We're finally ready to compute what are the most distinguishing words of each character. Let's create another dataframe that will store our computed score for each word. First, we square each entry and divide by row sum. That's equivalent to $\frac{(person\space says\space word)^2}{anyone\space says \space word}$. 

What's the motivation of the above? Well, $\frac{person\space says\space word}{anyone\space says\space word}$ is how often a person says a word. However, simply having this ratio would result in inflated scores for infrequent words. Thus, multiplying again by $(person\space says\space word)$ would take into account the infrequency.
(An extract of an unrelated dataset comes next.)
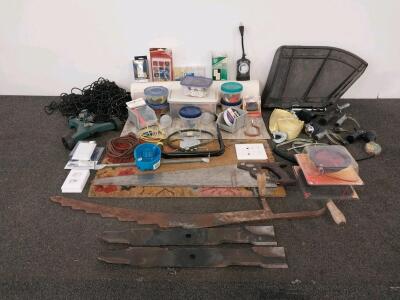 Vintage Craftsman Hand Saw, Vintage Hay Knife, 20 1/2 Heavy Duty Mower Blades, Wiring Supplies, & More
See [this illuminating reddit comment](https://www.reddit.com/r/dataisbeautiful/comments/8a4gbr/the_office_characters_most_distinguishing_words_oc/dwwk070?utm_source=share&utm_medium=web2x) for a more detailed explanation. 

In [139]:
import numpy as np
df_score = df_char_wc.apply(np.square).div(df_char_wc.sum(axis=1), axis=0)
df_score.head(10)

Unnamed: 0,frasier,roz,niles,martin,daphne
1,4.9,0.4,0.1,,
10,,0.25,1.0,,0.25
100,2.0,0.125,1.125,,
1000,0.5,0.5,,,
10000,1.333333,,,0.333333,
1000piece,,,1.0,,
100th,,1.0,,,
101,,,0.5,0.5,
1030,,,,1.0,
105,,,1.0,,


We'll now scale by the following factor: $\frac{anyone \space speaks}{person \space speaks}$. This is to incorporate the fact that some characters simply speak more than other characters -- for example, Frasier naturally has more lines than any other character, as he is not only the main character, but also very verbose by nature.

In [140]:
total_word_count = sum(df_char_wc.sum())
for mc in main_characters:
    df_score[mc] = df_score[mc] * total_word_count / df_char_wc[mc].sum() 
df_score.sort_values(by='frasier', ascending=False).head(10).index

Index(['well', 'oh', 'niles', 'yes', 'dad', 'im', 'know', 'roz', 'right',
       'see'],
      dtype='object')

Finally, let's print out the top ten words for the main characters:

In [143]:
for mc in main_characters:
    top_10 = df_score.sort_values(by=mc, ascending=False).head(10).index
    print(mc, top_10)

niles Index(['frasier', 'oh', 'well', 'im', 'maris', 'daphne', 'dad', 'yes', 'going',
       'know'],
      dtype='object')
roz Index(['frasier', 'oh', 'im', 'hey', 'alice', 'know', 'yeah', 'really', 'well',
       'get'],
      dtype='object')
martin Index(['yeah', 'hey', 'oh', 'well', 'know', 'fras', 'eddie', 'got', 'get',
       'guys'],
      dtype='object')
daphne Index(['crane', 'dr', 'oh', 'mum', 'im', 'well', 'like', 'ill', 'mr', 'hes'], dtype='object')
frasier Index(['well', 'oh', 'niles', 'yes', 'dad', 'im', 'know', 'roz', 'right',
       'see'],
      dtype='object')


Cool! Some of these words are expected: for example, Daphne's "dr" "mr" "crane" makes sense, since she is the only character to refer to the Crane boys as such for a majority of episodes. Furthermore, she is also the only British character, so the appearance of her dreaded "mum" is expected. There are also some surprises: I would have thought some form of ["Oh Dear God"](https://www.youtube.com/watch?v=jaUy_dlKC0I) would appear for Frasier :-) 

This was a relatively simple word analysis. In fact, the question of distinguishing dialogue is only a subset of the larger question of determining important words in any document. For in-depth reading, see [this Wikipedia article](https://en.wikipedia.org/wiki/Tf%E2%80%93idf).